When RioOnWatch interviewed Urbina in Babilônia, in the South Zone, she arrived carrying her newborn daughter. Rather than only sitting down for a traditional interview, she preferred to talk while visiting a local bakery, checking out a community book borrowing stand, and stopping by the school her children attend. Afterwards Urbina explained that to understand Girasol Comunicações, one has to understand the favela. Girasol Comunicações does not exist in isolation, she says, but is an extended voice of community residents. 

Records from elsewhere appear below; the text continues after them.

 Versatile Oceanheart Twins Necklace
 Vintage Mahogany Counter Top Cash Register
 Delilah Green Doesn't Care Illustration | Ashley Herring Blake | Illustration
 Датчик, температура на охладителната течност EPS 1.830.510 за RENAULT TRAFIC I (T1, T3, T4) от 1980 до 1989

Chapéu-Mangueira, the community next to Babilônia, is decorated for Festa Junina celebrations

During RioOnWatch‘s visit, Urbina also conducted an interview with André Constantine, the president of Babilônia’s Neighborhood Association. André expressed skepticism towards journalists, scholars, and other outsiders who come to favelas—particularly Babilônia, which is at particular risk of gentrification—to excavate information. But he enthusiastically discussed racial justice, reparations for slavery, feminism, and the Olympics with Urbina.

“Media by favela residents respects our protagonism,” said Urbina. Girasol Comunicações is “favela media” because the narrative is always from the inside out. It ignores outsiders’ perspectives looking in, and instead amplifies the stories and news of the favela, maintaining the protagonism and dignity of favela residents. Girasol Comunicações disseminates “images that fortify the cultural identity of each place,” with a particular focus on “those brothers of the African diaspora, to the sisters who have children, to workers.”

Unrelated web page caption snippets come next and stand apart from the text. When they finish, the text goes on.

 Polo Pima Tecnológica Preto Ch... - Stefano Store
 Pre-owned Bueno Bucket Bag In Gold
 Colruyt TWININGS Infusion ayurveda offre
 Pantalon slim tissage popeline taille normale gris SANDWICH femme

For Urbina, community media is also about democratizing the creation of media: “Popular communication says that you can communicate with whatever you have. If you don’t have a computer, use a poster; if you don’t have a poster, use a megaphone; if you don’t have a megaphone, shout! The richness is not in the audio-visual production, but in the discourse.”

When favela residents ask for assistance with written communication, Girasol Comunicações publishes messages exactly as the speakers present them. There is no need to correct grammar too much, Urbina explained. Instead Girasol keeps the dignity and language of the people; the message gets across, and no one feels silenced.

Urbina points to the effective and local form of communicating by posters

Currently, Girasol Comunicações is “working with different black liberation groups, documenting all that occurs in the fight for reparations for the enslavement of black and indigenous people.”

“Even though we have supported over 17 projects, we have not earned anything,” Urbina said. To cover expenses, Urbina and Gangazumba sell cakes, breads, sweets, photography services, and teach capoeira. Finding resources and funds is a challenge though. While they kept a live radio program throughout the World Cup with one computer, it became very difficult to work on any other projects. Thus the pair now only revive the radio station during pivotal periods. Despite these difficulties, Girasol Comunicações proves every day that anybody can communicate.

The future of Girasol Comunicações is in education and a focus on youth. “We are launching a YouTube channel for children. We’ll be working with language and images that reinforce the diverse identity of our children,” Urbina explained. “All of our communication products can be used in educational settings as well as other conversations and debates.”